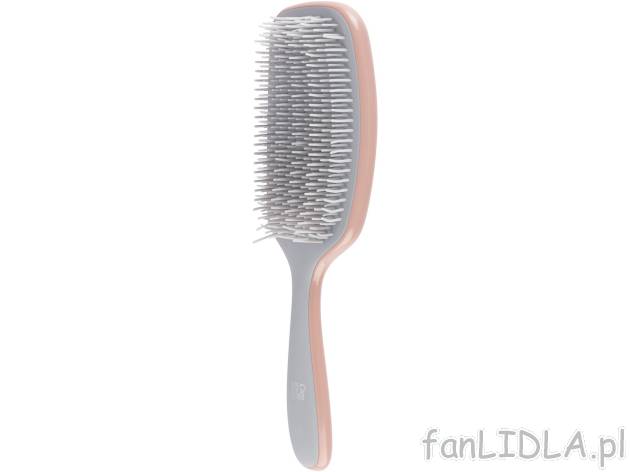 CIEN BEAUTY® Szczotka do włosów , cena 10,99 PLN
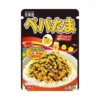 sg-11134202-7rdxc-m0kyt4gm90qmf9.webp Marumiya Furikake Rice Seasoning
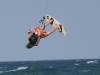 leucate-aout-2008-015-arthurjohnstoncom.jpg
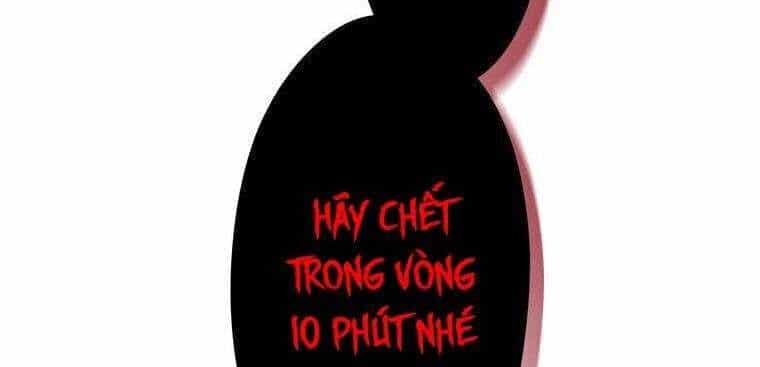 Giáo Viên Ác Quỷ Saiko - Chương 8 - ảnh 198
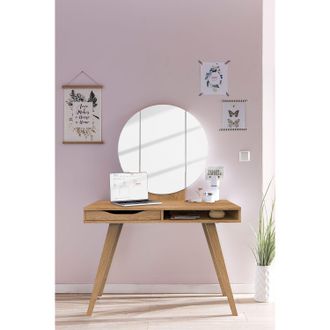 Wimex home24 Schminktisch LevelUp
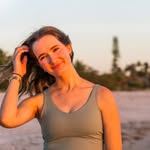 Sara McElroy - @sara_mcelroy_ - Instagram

=-=-=

◆ Assignment ◆
Copy out the entries exactly as they stand, omitting the images.

◆ Result ◆
 CIEN BEAUTY® Szczotka do włosów , cena 10,99 PLN
 sg-11134202-7rdxc-m0kyt4gm90qmf9.webp Marumiya Furikake Rice Seasoning
 leucate-aout-2008-015-arthurjohnstoncom.jpg
 Giáo Viên Ác Quỷ Saiko - Chương 8 - ảnh 198
 Wimex home24 Schminktisch LevelUp
 Sara McElroy - @sara_mcelroy_ - Instagram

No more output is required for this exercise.